→ PROBLEM TO SOLVE: Lines containing "wall" should be pulled from the material below.

→ MATERIAL TO PROCESS:
»»

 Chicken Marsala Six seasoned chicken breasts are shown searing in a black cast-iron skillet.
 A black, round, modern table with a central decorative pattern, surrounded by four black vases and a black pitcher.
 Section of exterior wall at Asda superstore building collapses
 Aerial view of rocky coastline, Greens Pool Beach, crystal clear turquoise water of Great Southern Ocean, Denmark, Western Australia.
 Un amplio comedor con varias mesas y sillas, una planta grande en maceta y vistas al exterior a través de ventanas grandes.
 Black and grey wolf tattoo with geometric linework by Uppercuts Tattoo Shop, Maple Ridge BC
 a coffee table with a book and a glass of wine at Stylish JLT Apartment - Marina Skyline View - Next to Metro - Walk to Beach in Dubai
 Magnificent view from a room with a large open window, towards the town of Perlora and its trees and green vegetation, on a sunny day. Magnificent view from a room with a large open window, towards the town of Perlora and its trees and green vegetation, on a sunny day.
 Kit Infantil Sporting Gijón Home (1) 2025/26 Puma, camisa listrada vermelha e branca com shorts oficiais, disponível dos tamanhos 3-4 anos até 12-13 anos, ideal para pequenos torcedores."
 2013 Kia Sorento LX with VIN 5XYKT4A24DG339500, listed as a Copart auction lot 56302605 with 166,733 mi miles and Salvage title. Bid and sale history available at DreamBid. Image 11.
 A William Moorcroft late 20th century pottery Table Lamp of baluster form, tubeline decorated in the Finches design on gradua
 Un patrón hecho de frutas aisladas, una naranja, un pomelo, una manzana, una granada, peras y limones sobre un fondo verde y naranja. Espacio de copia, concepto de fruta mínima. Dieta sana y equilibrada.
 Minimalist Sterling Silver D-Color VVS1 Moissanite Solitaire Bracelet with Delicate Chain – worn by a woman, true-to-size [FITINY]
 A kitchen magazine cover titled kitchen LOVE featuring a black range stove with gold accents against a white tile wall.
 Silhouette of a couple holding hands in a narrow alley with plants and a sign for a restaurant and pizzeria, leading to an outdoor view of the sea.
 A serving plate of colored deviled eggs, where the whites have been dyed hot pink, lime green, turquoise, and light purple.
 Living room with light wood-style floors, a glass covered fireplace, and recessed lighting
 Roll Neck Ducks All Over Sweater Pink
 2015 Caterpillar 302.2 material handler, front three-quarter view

««

→ RESULT OF THE EXERCISE:
 Section of exterior wall at Asda superstore building collapses
 A kitchen magazine cover titled kitchen LOVE featuring a black range stove with gold accents against a white tile wall.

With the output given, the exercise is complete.